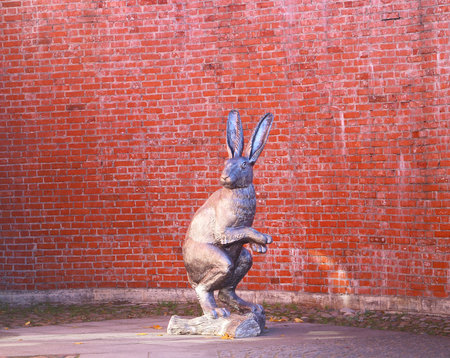 Beautiful Photo of a hare sculpture on a hare island in St. Petersburgの写真素材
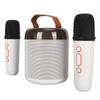 Wireless Karaoke Speakers RGB Light  5.3 Speaker with 2 Wireless Microphones Portable Karaoke Machine for Family Party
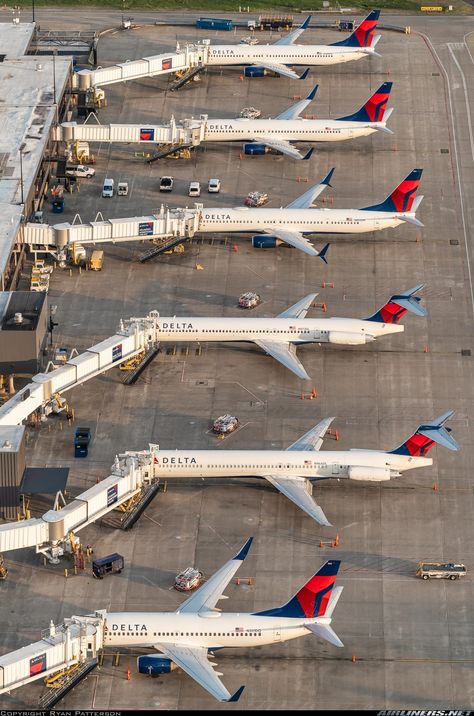 Boeing 737-732 - Delta Air Lines | Aviation Photo #7054375 | Airliners.net Delta Airlines Wallpaper, Delta Airlines Flight Attendant, Delta Airplane, Delta Flight Attendant, Eco Project, Vision Board Project, Airplane Photos, Spelman College, Delta Flight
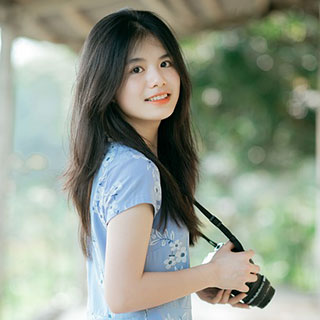 Hoa Mai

Instructions to follow => Transcribe all of the data above exactly; no picture belongs in the copy.

Response below =>
 Beautiful Photo of a hare sculpture on a hare island in St. Petersburgの写真素材
 Wireless Karaoke Speakers RGB Light  5.3 Speaker with 2 Wireless Microphones Portable Karaoke Machine for Family Party
 Boeing 737-732 - Delta Air Lines | Aviation Photo #7054375 | Airliners.net Delta Airlines Wallpaper, Delta Airlines Flight Attendant, Delta Airplane, Delta Flight Attendant, Eco Project, Vision Board Project, Airplane Photos, Spelman College, Delta Flight
 Hoa Mai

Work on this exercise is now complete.